Repeat verbatim, and only, the lines of the data below, beginning at the line that contains "建筑师在屋顶上审查暖通空调系统的蓝图图片素材" and stopping after the line that contains "Mercedes-Benz Marco Polo".

Records shown Block Start

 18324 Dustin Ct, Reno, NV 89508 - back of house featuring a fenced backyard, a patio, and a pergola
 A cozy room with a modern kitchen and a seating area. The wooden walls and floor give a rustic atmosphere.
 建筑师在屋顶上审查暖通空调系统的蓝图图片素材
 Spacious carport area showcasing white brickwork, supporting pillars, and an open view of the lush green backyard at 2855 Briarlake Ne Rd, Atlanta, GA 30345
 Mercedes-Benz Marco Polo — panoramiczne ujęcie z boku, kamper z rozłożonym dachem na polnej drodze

Records shown Block End
Records shown Block Start

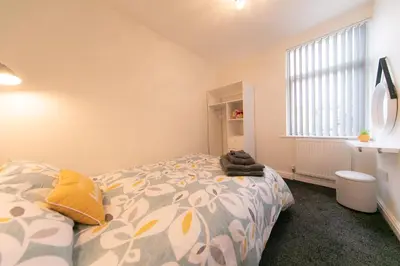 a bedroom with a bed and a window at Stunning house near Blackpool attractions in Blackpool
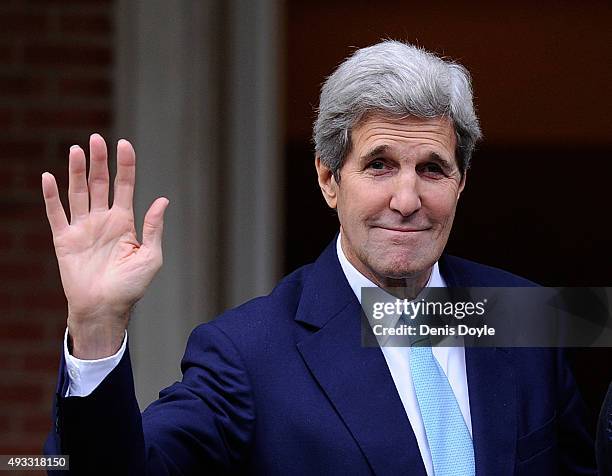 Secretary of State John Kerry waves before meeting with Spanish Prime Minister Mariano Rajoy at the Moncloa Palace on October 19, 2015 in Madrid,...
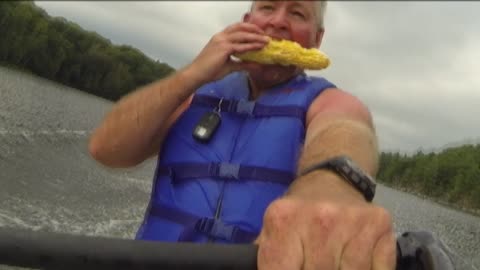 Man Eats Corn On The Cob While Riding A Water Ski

Records shown Block End
Records shown Block Start

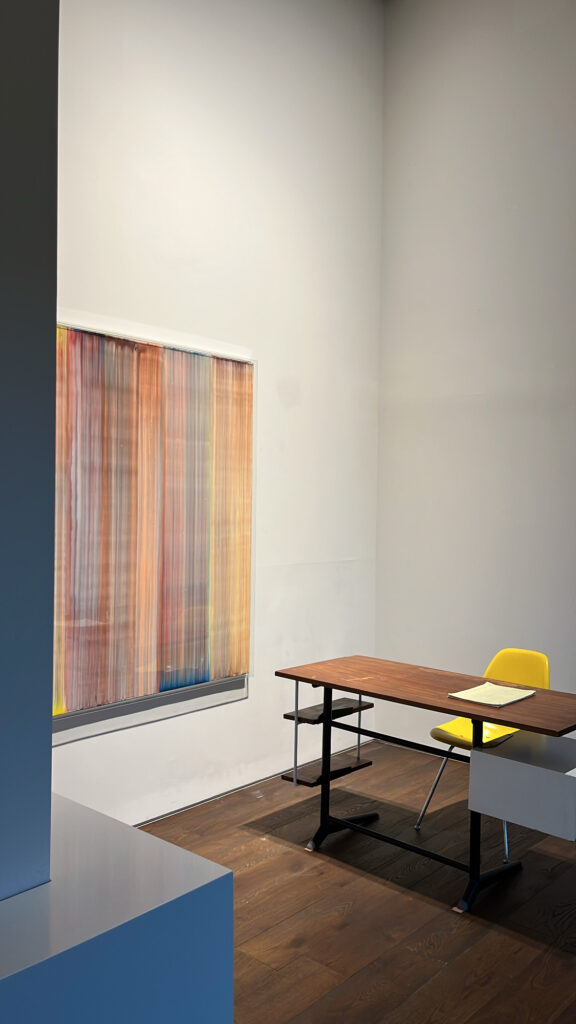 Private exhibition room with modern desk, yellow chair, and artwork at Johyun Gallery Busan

Records shown Block End

→ Answer box:
 建筑师在屋顶上审查暖通空调系统的蓝图图片素材
 Spacious carport area showcasing white brickwork, supporting pillars, and an open view of the lush green backyard at 2855 Briarlake Ne Rd, Atlanta, GA 30345
 Mercedes-Benz Marco Polo — panoramiczne ujęcie z boku, kamper z rozłożonym dachem na polnej drodze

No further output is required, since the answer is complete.